PIL has run impact campaigns for many well-known films like Knock Down the House, The Hunting Ground and the two Women, War and Peace series which continue to be used in classrooms.
PIL represents many prominent women peacemakers and human rights activists through its Speakers Bureau including Nobel Prize winner Leymah Gbowee.
Channel Grants:
2025: Channel made a grant to Peace is Loud (PIL) to support their work to “harness the power of storytelling by women, trans, and nonbinary change makers to mobilize strategic collective action grounded in equity and care."
Funds will particularly be used to expand the reach and impact of PIL’s participant care resources through PIL’s Collective Lens training programs. These resources were created and piloted “in collaboration with other filmmakers, mental health experts, and documentary film participants, to fill the gaps they identified as necessary to prioritizing participants’ health and well-being.”
In 2025, PIL published "Shine a Light: A Filmmaker’s Guide to Creating a Duty of Care Plan." Co-created by Margie Ratliff and Stephanie Palumbo, this resource guides filmmakers through the process of establishing a Duty of Care Plan with documentary film participants. This offering is in response to a growing need from the filmmaking community and the people at the heart of their stories to imagine safer and more equitable relationships with one another."
2017: Channel made a grant to Peace is Loud to support their collaboration with partners on the ground for grassroots outreach and engagement around mobile cinema screenings for the documentary film The Uncondemned in the Democratic Republic of the Congo (DRC) and in Haiti – both countries which have experienced high levels of sexual violence. The film tells the gripping and world-changing story of a group of young international lawyers and activists who fought to make rape a crime of war, and the Rwandan women who came forward to testify and win justice where there had been none.
Peace is Loud uses film as a medium for education, engagement and mobilization and ultimately to build cultures of peace and full realization of women’s human rights.
In the DRC Peace is Loud partnered with groups such as Synergie des Associations Feminines du Congo, which provides a mobile cinema to local communities, and Physicians for Human Rights, which works with mobile gender courts prosecuting crimes of sexual violence. In Haiti, PIL partnered with a wide variety of organizations such as Channel partner Institute for Justice and Democracy in Haiti.
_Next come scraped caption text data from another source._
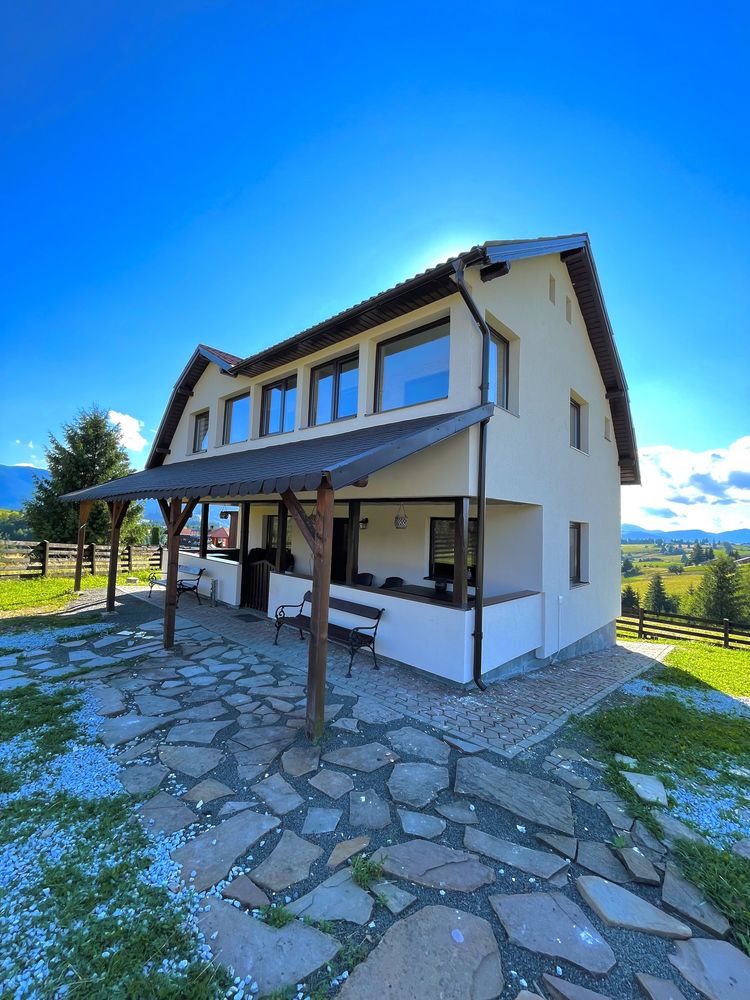 Cabana Roberto-Casa de Vacanță Roberto de inchiriat . Pasul Tihuta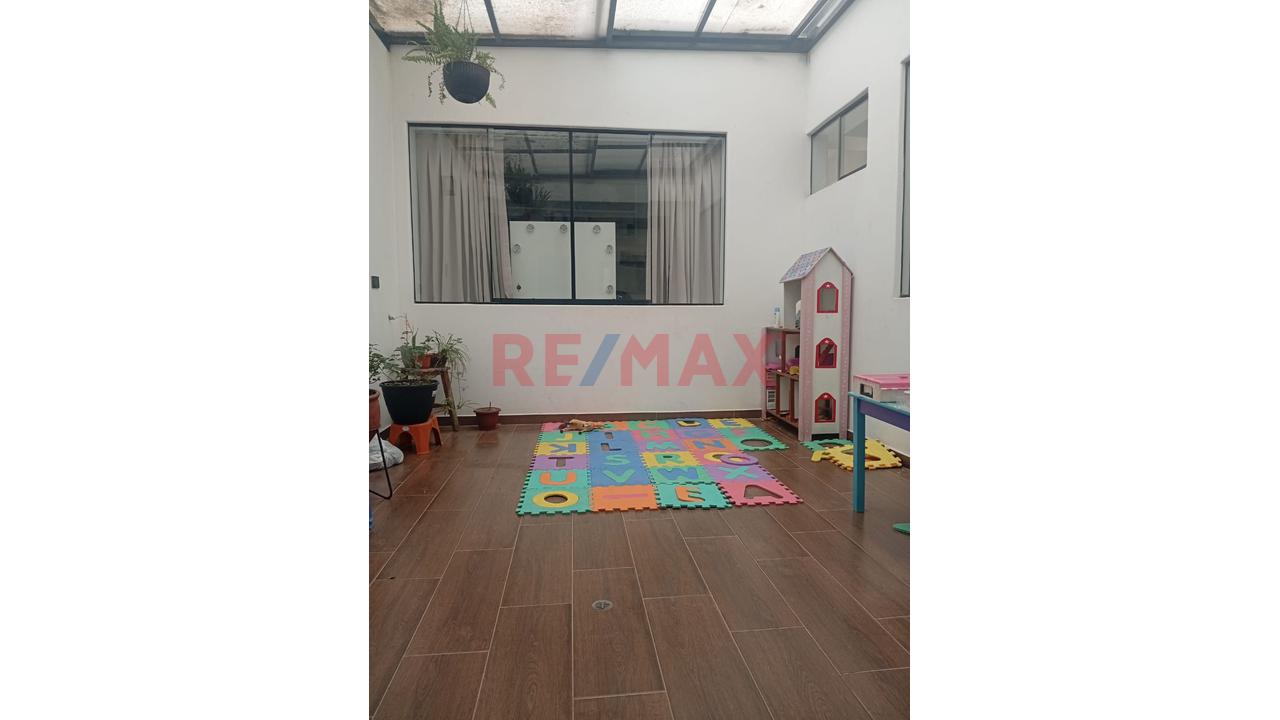 Lo Que Buscas! Vendo Departamento En 1Er Piso Con 2 Patios — foto 9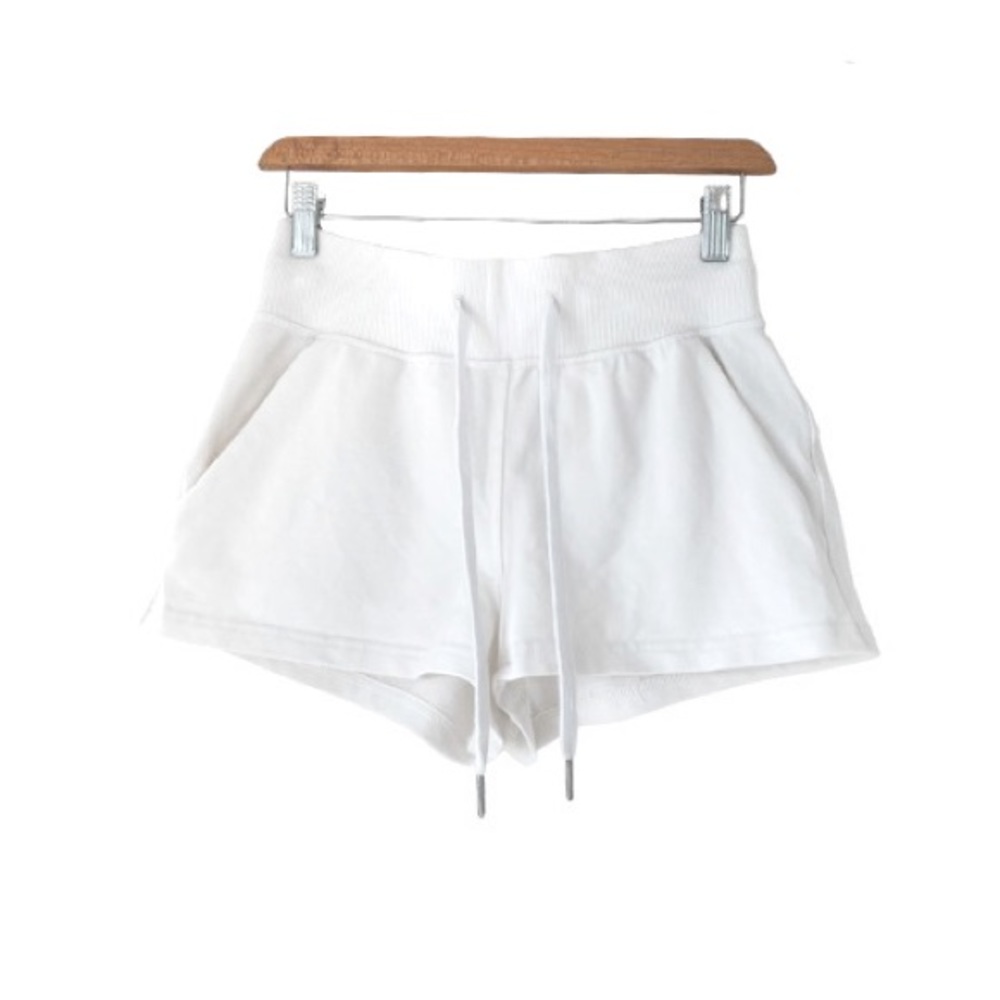 ☀️🌴Lululemon French Terry Shorts - White - Size 4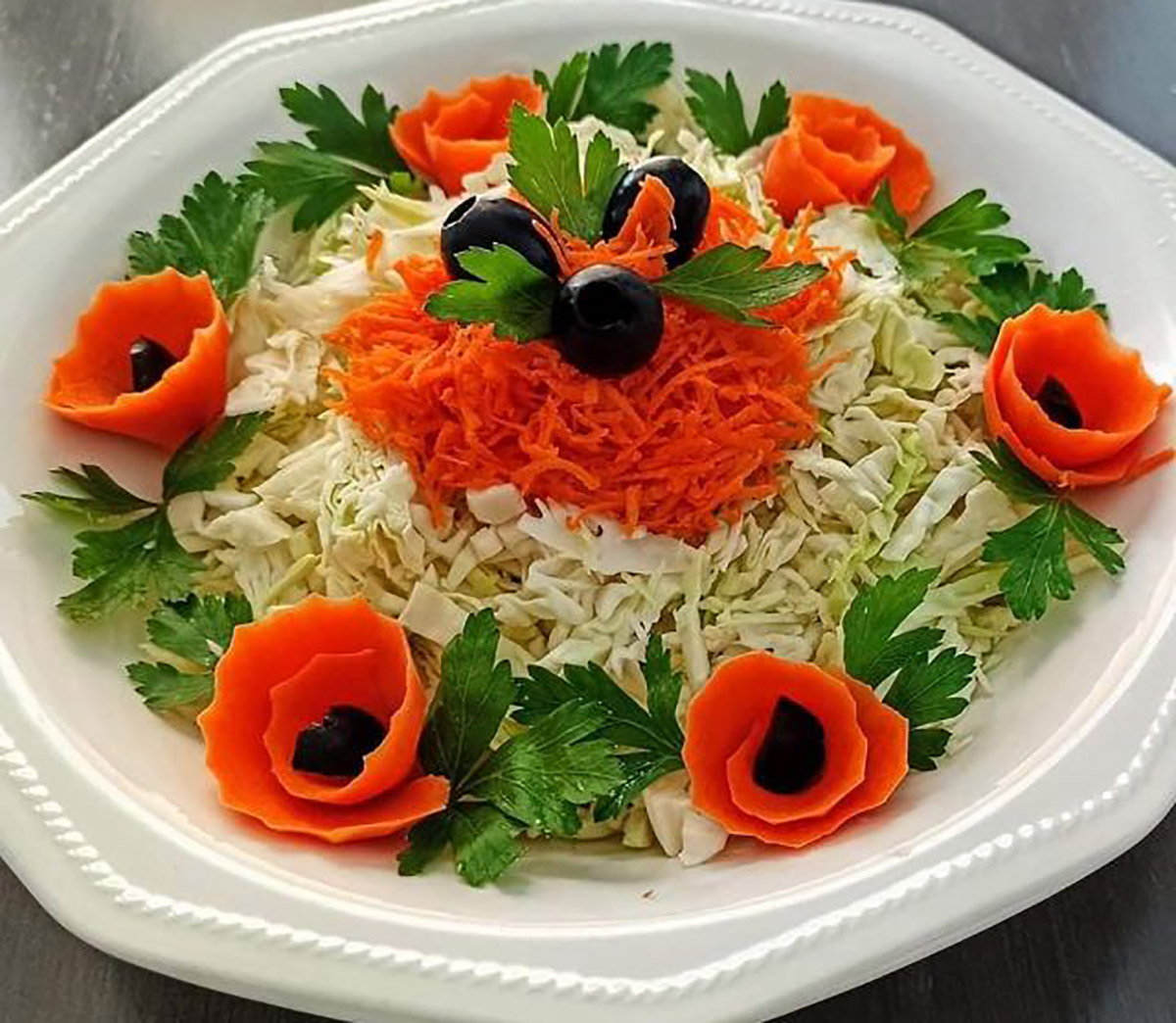 تزیین سالاد شیرازی در ظرف گرد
PIL has also partnered with UC Hastings in San Francisco to present a teaching module created for The Uncondemned at the Jeremie Law School in Haiti.
2012 & 2013: Channel made two grants to Peace is Loud for the purposes of supporting international grassroots outreach and engagement around the Screening Series-in-a-Box Campaign for the Women, War and Peace films.
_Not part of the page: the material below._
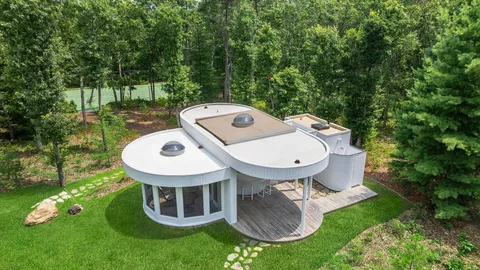 $5,295,000 | 147 Old Northwest Road, East Hampton, NY 11937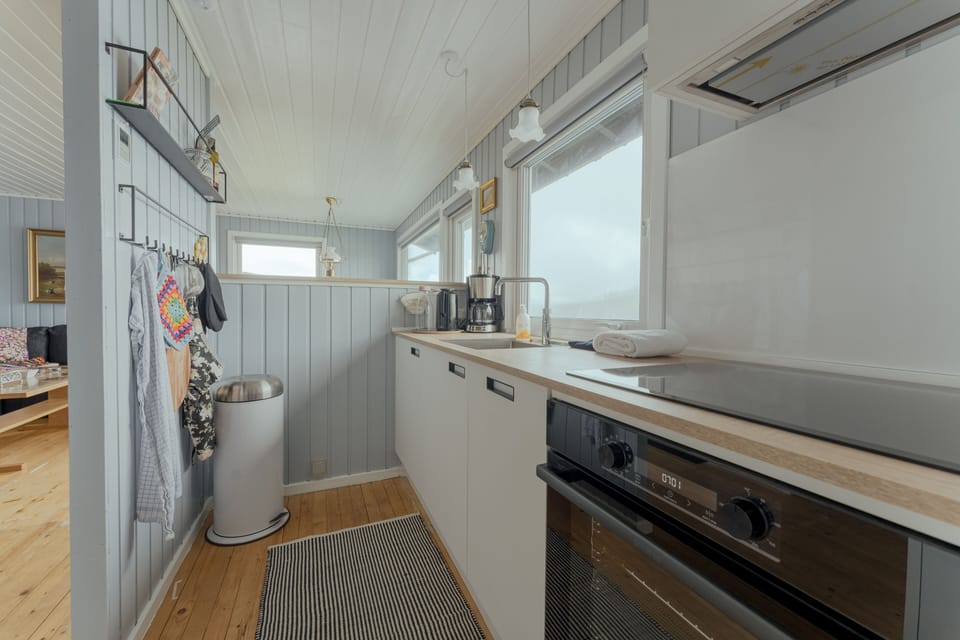 House | Private kitchen | Coffee/tea maker, fridge, oven, stovetop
Women, War and Peace is a five part film series that spotlights the stories of women in conflict zones from Bosnia to Afghanistan and Colombia to Liberia, placing women at the center of an urgent dialogue about conflict and security, and reframing our understanding of modern warfare. The series, which aired on PBS in Fall 2011, was executive produced by Abigail Disney (producer of Pray the Devil Back to Hell, the extraordinary documentary about the women’s peace movement in Liberia), Gini Reticker, and Pamela Hogan, and is now available to view online in the U.S.
For the Screening Series-in-a-Box campaign, Peace is Loud coordinated the distribution of thousands of screening kits and resource guides free of charge to partner organizations working in conflict zones, pre and post-conflict areas and at-risk communities worldwide. The kits included DVDs with all five films and a discussion and resource guide. The guide, which is also available online, includes tools and resources for building leadership and organizing skills, especially among women.
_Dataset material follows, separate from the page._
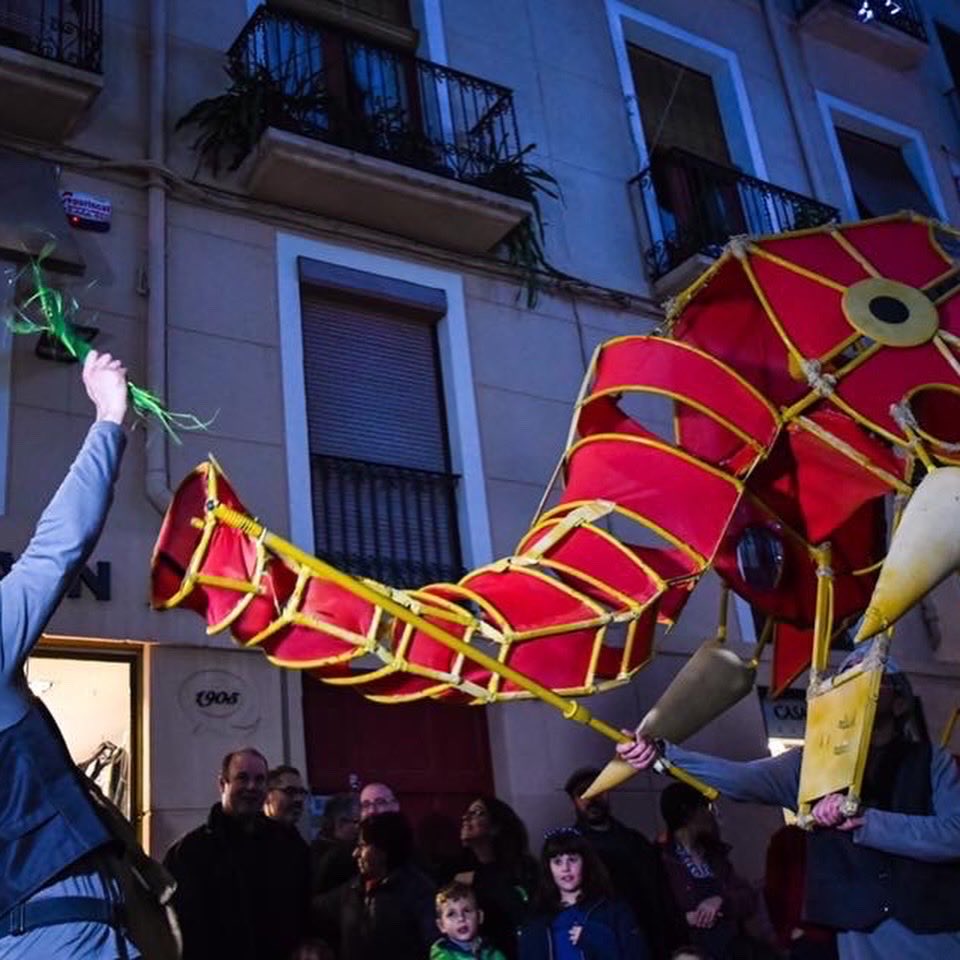 Titelleslleida's tweet photo. Aquest cap de setmana ens estrenem a Grècia 🇬🇷
Per 1er cop actuarem a la terra dels déus de l’Olimp i ens fa especial il·lusió que coneguin Hathi i enmirallar-nos amb Dionís, déu del teatre.
Amb aquest ampliem a fins a 12 els països que han vist Hathi. https://t.co/ZkWXJSGoi5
In addition, the guide features interviews with women activists who are working to empower local communities to find peaceful solutions to conflict, including women who are featured in the films. To maximize accessibility, particularly in the regions the series covers, dubbed films and translated guides are offered in Arabic, French, Spanish and English.
Through partner NGOs, faith-based communities and grassroots groups, the screening kits reached the women and men directly impacted by conflict—the actors in peacebuilding.